産業界は一段の事業効率化や省エネ、政府は視野に入れる第2弾の経済対策で財政規律の順守が求められる。
ウクライナ情勢に伴うエネルギー・穀物・木材など商品市況の上昇や世界経済のコロナ禍からの回復、さらに円安が企業物価を大きく押し上げている。原材料やエネルギーコストの上昇分は一部が価格転嫁され、総務省が20日に発表する4月の全国消費者物価指数の上昇率も日銀が掲げる2%目標が視野に入るほど引き上がる見通しだ。

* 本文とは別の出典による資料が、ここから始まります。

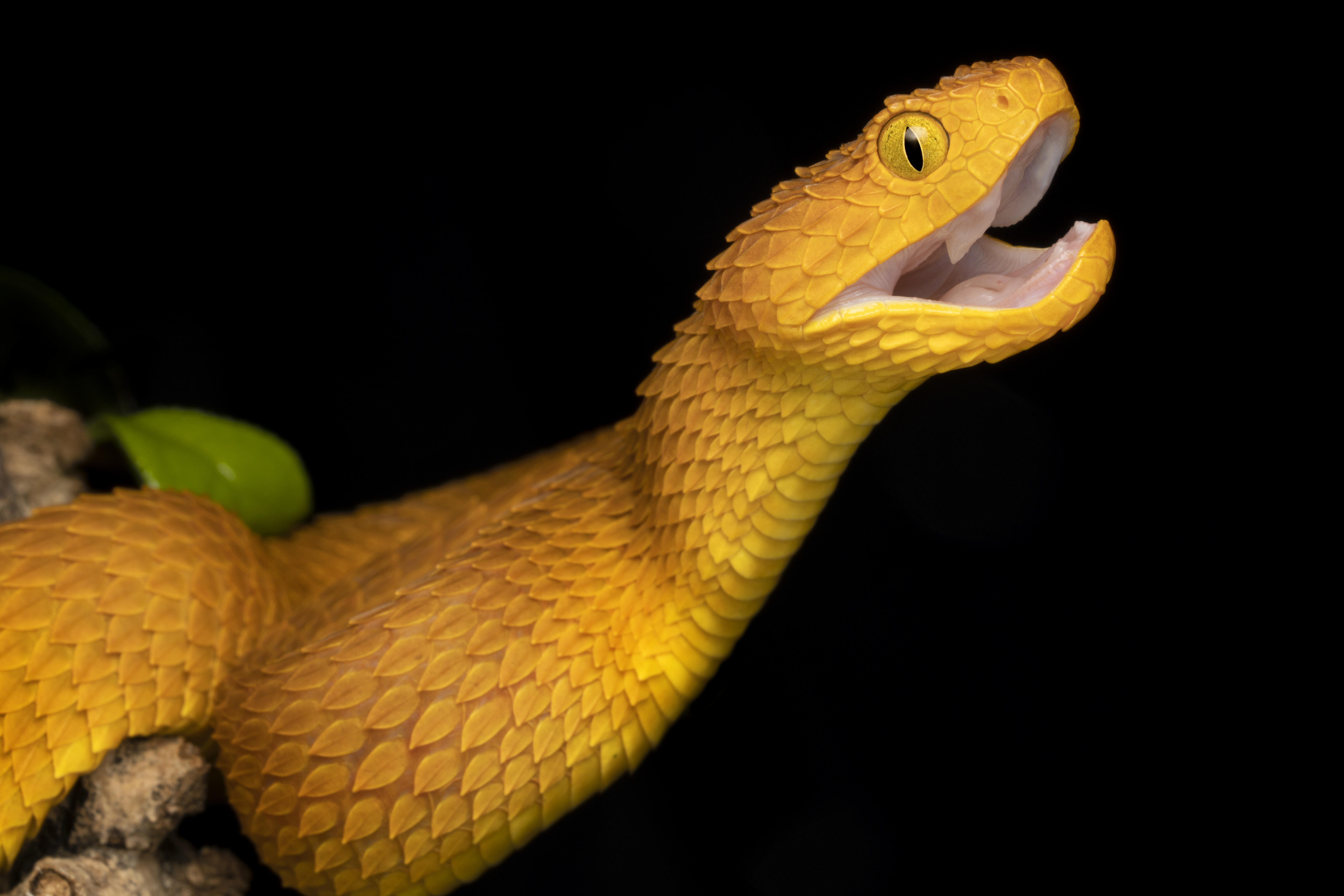 bush viper snake bite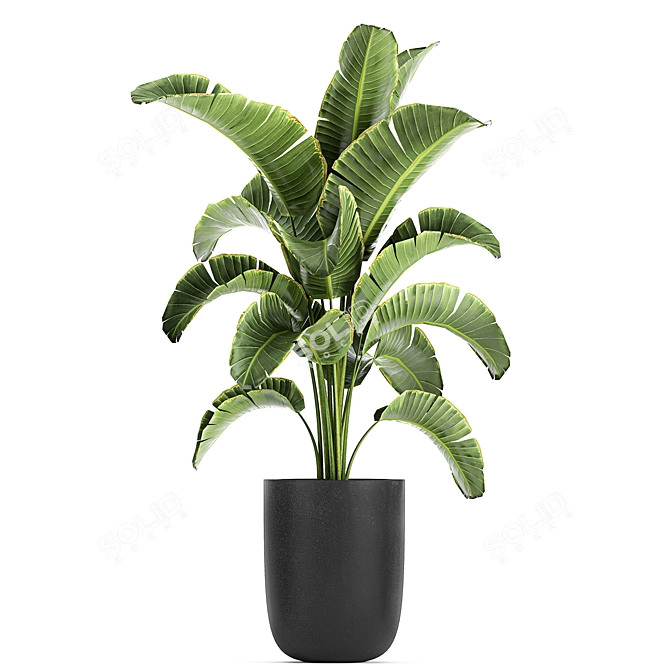 Exotic Plant Collection 804 3D model image 4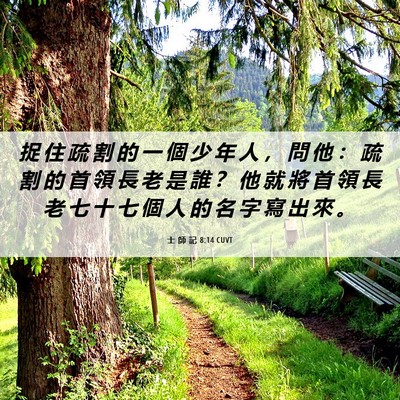 Picture 06 - 士 師 記 8:14 CUVT - 捉 住 疏 割 的 一 個 少 年 人 ， 問 - Bible Verse Picture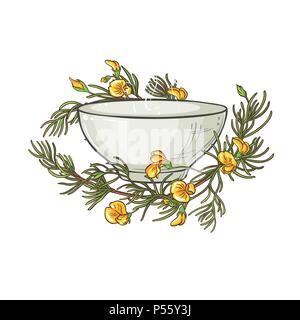 rooibos tea in tea bowl illustration on whte background Stock Vector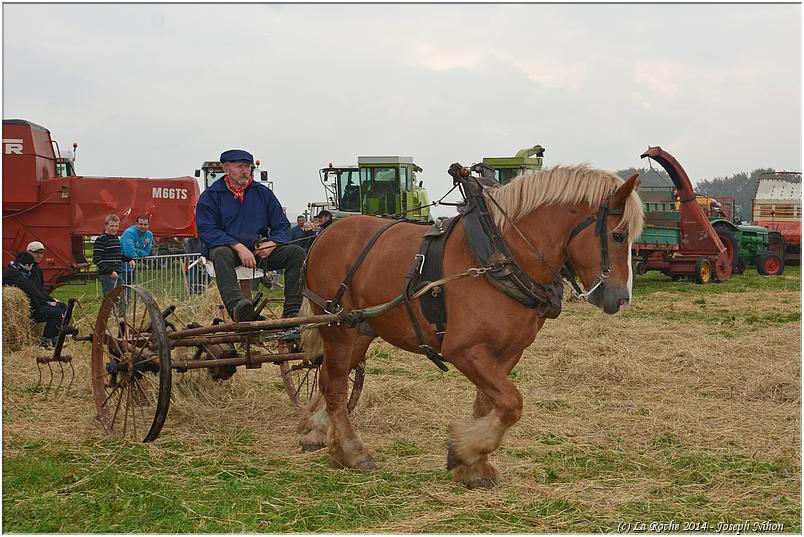 vieux_tracteurs_2014 (71)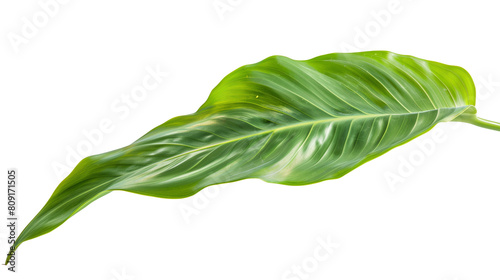 A delicate Heliconia leaf with its characteristic elongated shape, isolated on transparent background photo
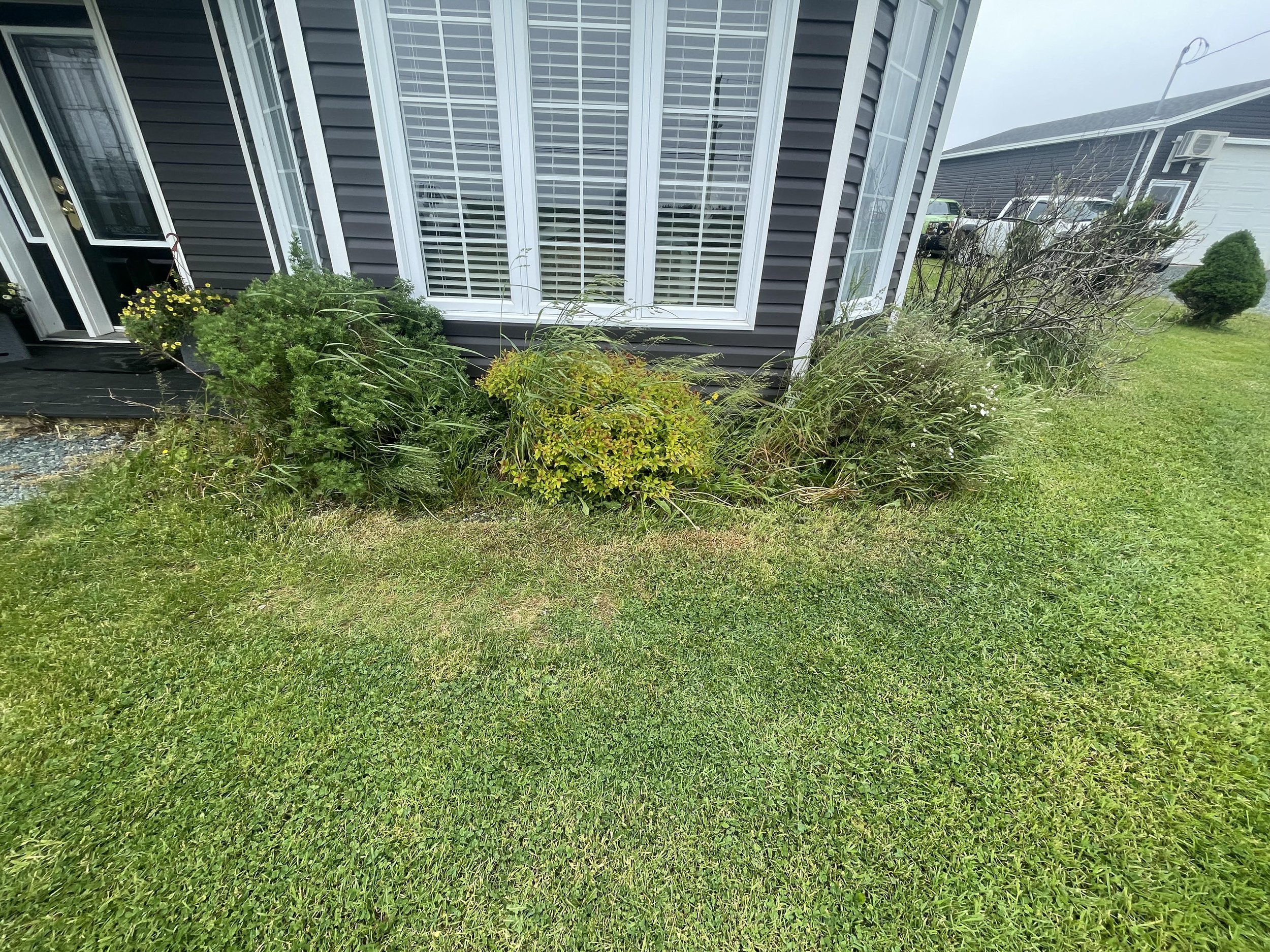 Gardening Before 4.jpg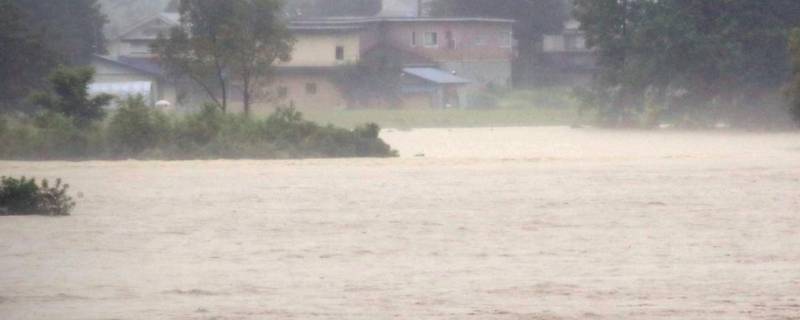 遇到暴雨如何自救（遇到暴雨如何自救PPT）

4月から携帯電話通信料引き下げの影響が剝落するほか、電気・ガス代や飲食料品、外食、日用生活品、運賃、家電製品など“値上げラッシュ”が家計に押し寄せる。企業にとどまらず、家計の消費マインドをさらに冷やしかねないことが心配だ。連合がまとめた22年春闘の第5回回答集計結果によると、賃金上昇率は2・10%、うち中小企業は2・02%で、消費者物価の上昇率とほぼ同水準にとどまっている。

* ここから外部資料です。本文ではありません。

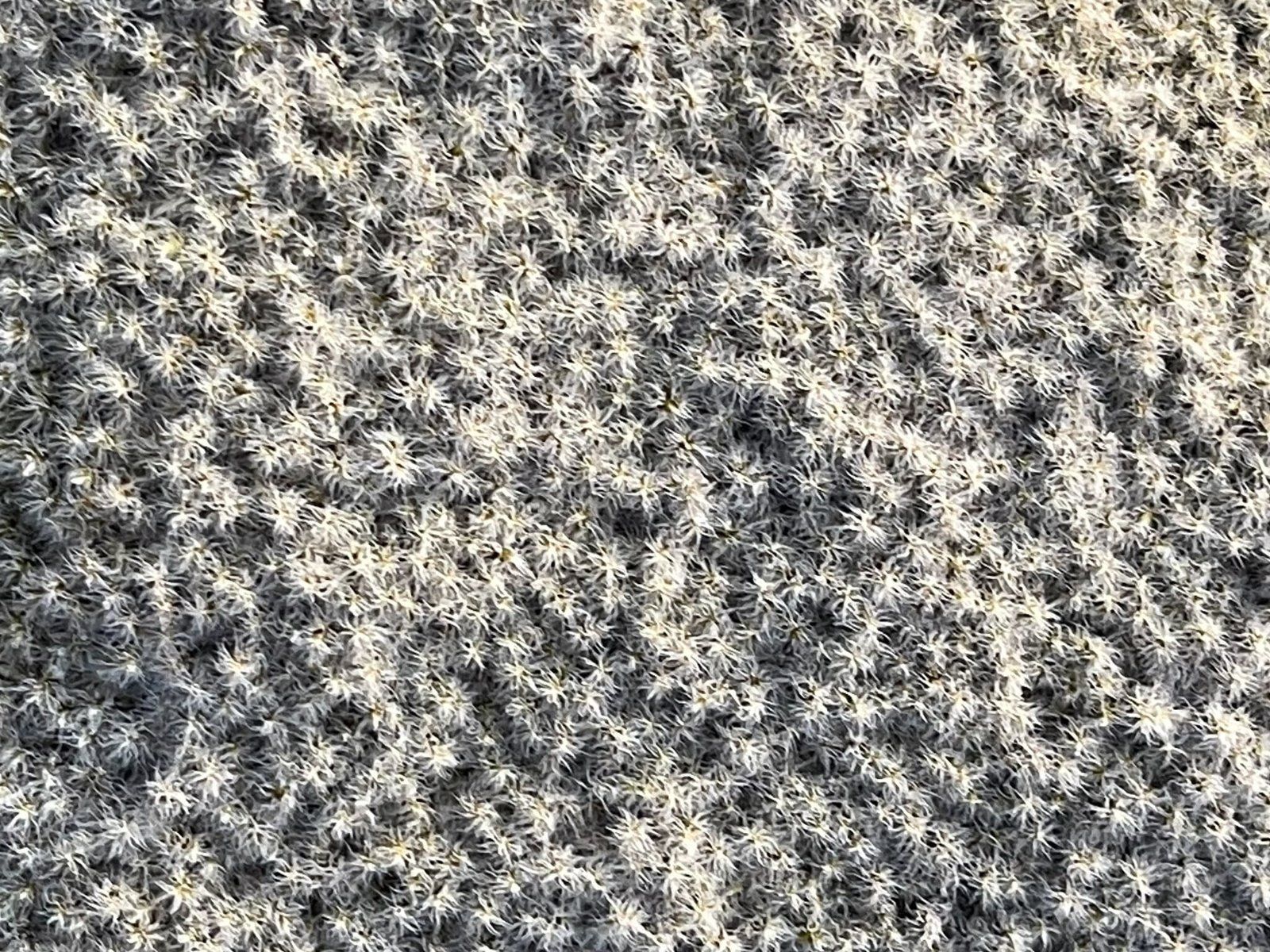 Image 9 of 11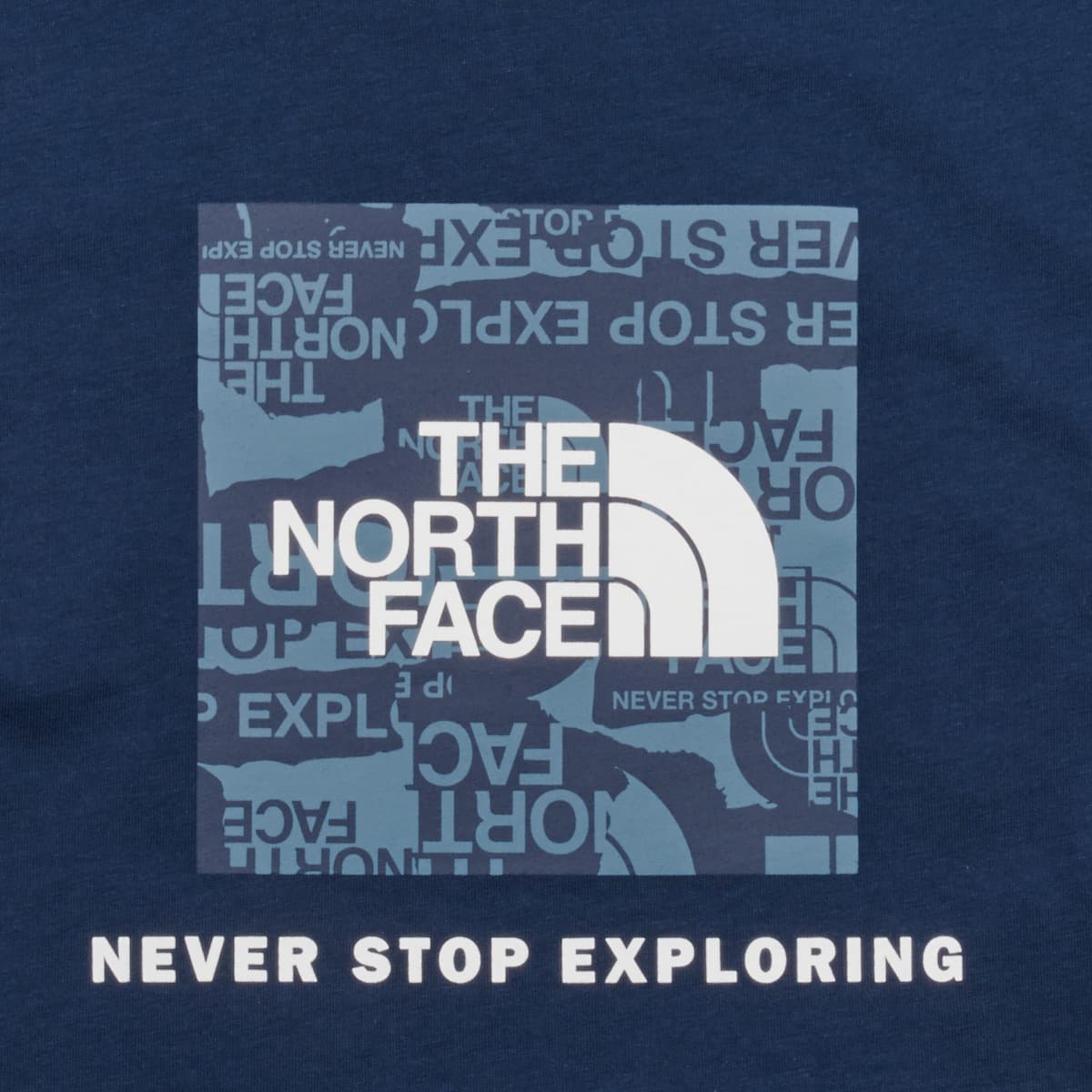 Boys' T-Shirts The North Face Blue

産業界でも、円安の恩恵を受けていない内需主導型企業、中でも中小企業の今後が懸念される。実質無利子・無担保融資(ゼロゼロ融資)の返済が年末に向けて本格化する。コロナ禍にも見舞われる中、返済原資を円滑に確保できるのか、あるいは確保できても過剰債務がさらに膨らむ悪循環に陥りかねない。
岸田文雄政権は事業規模13兆円の総合緊急対策を第1弾とし、6月までに策定する新しい資本主義の実行計画と“骨太方針”の具体策を第2弾の経済対策と位置付けている。自民党内には今夏の参院選後、22年度2次補正予算案の編成を求める声がある。費用対効果を重視し、財政規律を順守した経済運営を行うよう求めたい。